Alitalia, newco guidata da Tesoro e Fs: una nazionalizzazione (non troppo) mascherata

Il ministero dello sviluppo economico ha confermato per lunedì 15 luglio la scadenza delle offerte vincolanti per Alitalia: contatti in corso per completare la cordata di cui farà parte anche la statunitense Delta. Di Maio: "Lotito? Presenti garanzie finanziarie"

Il ministro dello sviluppo economico Luigi Di Maio

Una nuova compagnia aerea guidata da Ferrovie dello Stato e partecipata dal ministero dell'economia. Questo l'orientamento del ministero dello sviluppo economico che ha confermato per lunedì 15 luglio la scadenza delle offerte vincolanti per Alitalia

La compagnia di bandiera dovrebbe quindi rinascere con una sorta di nazionalizzazione (non troppo) mascherata: la nuova Alitalia avrà infatti una maggioranza assoluta pubblica in cabina di comando.

Una conferma di quanto trapelato nell'ultimo incontro con i sindacati, incontro durante il quale il Mise aveva fatto sapere che il consorzio dal quale è attesa l'offerta vincolante per acquistare gli asset di Alitalia sarebbe stato composto "per il 35% circa da Ferrovie dello Stato, per una quota tra il 10 e il 15% dall`americana Delta e per una quota approssimativamente intorno al 15% dal Mef".

A conti fatti manca tuttavia una quarta gamba della cordata che dovrà rilevare la compagnia commissariata dal maggio 2017

Quale sarà quindi l'ultimo, o gli ultimi, partner della cordata? Le ultime quotazioni vedono sempre più lontano Claudio Lotito: "Lotito presenti garanzie di solidità finanziaria" avrebbe detto il vicepremier Luigi Di Maio secondo quanto riferito dai sindacati, facendo intendere come il patron della Lazio - ad oggi - fuori dalla partita.

Intanto è arrivato a Roma Geman Efromovich: l'imprenditore boliviano, azionista della compagnia sudamericana Avianca, ha in agenda incontri con gli advisor di Fs e i rappresentanti della compagnia statunitense Delta, giunti anch'essi a Roma per la maratona negoziale.
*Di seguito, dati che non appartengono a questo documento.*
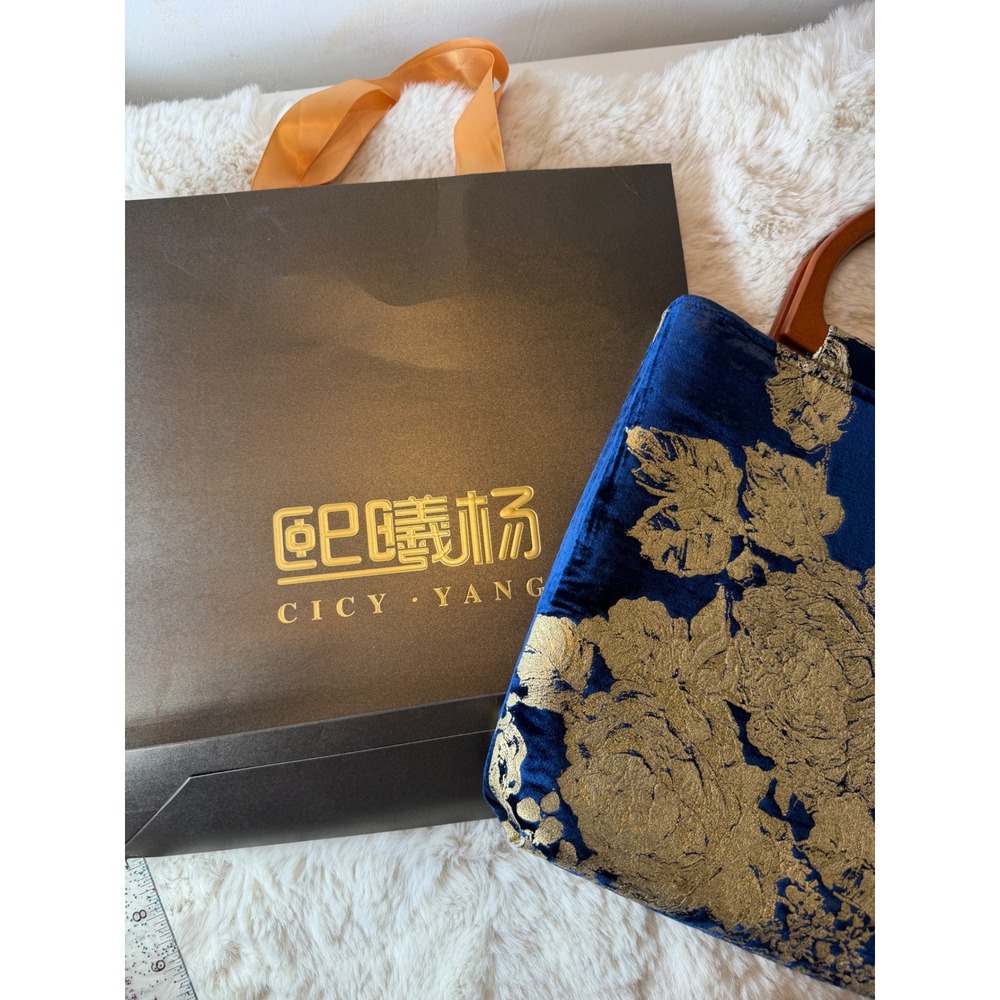 Cicy Yang Navy Blue Velvet Gold Floral Brocade Tote Bag Wood Handles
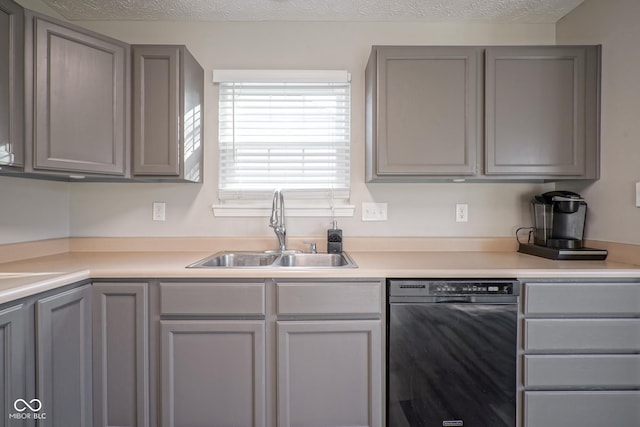 kitchen featuring gray cabinetry, sink, a textured ceiling, and black dishwasher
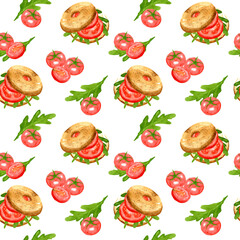 Seamless pattern from bagel, sandwich with slices tomatoes and herbs. Hand drawn watercolor illustration on white background. Template for design menu, textiles, printing, packaging.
Nel caso di Efromovich, Delta avrebbe espresso la propria contrarietà dal momento che la compagnia colombiana Avianca, di cui Efromovich è azionista, fare parte dell'alleanza globale Star Alliance, concorrente di Sky Team in cui opera Delta. Oltre a questo ci sarebbero i dubbi sulla sostenibilità finanziaria dell'investimento in Alitalia per l'imprenditore boliviano. Stesse perplessità che Delta avrebbe manifestato anche per Toto, che, però, disporrebbe delle risorse, circa 200 milioni, rivenienti dalla vendita di campi eolici negli Usa.

Non è un mistero che la preferenza di Delta, così come delle Ferrovie, sarebbe per Atlantia, ritenuto il partner migliore in considerazione anche della presenza forte nel settore aeroportuale con la controllata Adr che gestisce il più grande hub del Paese, l'aeroporto di Fiumicino. Ma questa è una partita complicata che si interseca con quella di Aspi, dove si registra il muro contro muro tra l'anima 'gialla' del Governo, con il vicepremier Luigi Di Maio e il ministro delle Infrastrutture e Trasporti, Danilo Toninelli, che sostengono la linea dura della revoca della concessione autostradale.

Alitalia, l'altolà della Corte dei Conti a Fs

Sull'operazione Alitalia tuttavia pesa la raccomandazione della Corte dei Conti che ha attivato una valutazione di sostenibilità dell'operazione di ingresso di Fs nel capitale di Alitalia. Nella nota la magistratura contabile fa riferimento al procedimento comunitario riguardante due prestiti per complessivi 900 milioni di euro concessi dallo Stato italiano ad Alitalia e non ancora rimborsati.

"Si evidenzia - sottolinea la Corte dei Conti - che la definizione di tale caso è di cruciale importanza per il Gruppo Fs, per evitare il rischio, in caso di acquisto dei complessi aziendali di Alitalia, di subentrare nell'obbligo di restituzione".

Alitalia, il nuovo piano industriale

Con il toto-quote ancora in corso, la newco - ad oggi - può contare su investimenti per 1 miliardo. E i sindacati tornano a lanciare l'allarme occupazione per le maestranze di Alitalia, auspicando un concreto piano industriale con nuove rotte e investimenti.

"Niente esuberi nè tagli ai salari" ammonisce il leader Cgil Maurizio Landini: "I lavoratori hanno già pagato abbastanza, i sacrifici li hanno già fatti e non sono più disponibili a farne altri".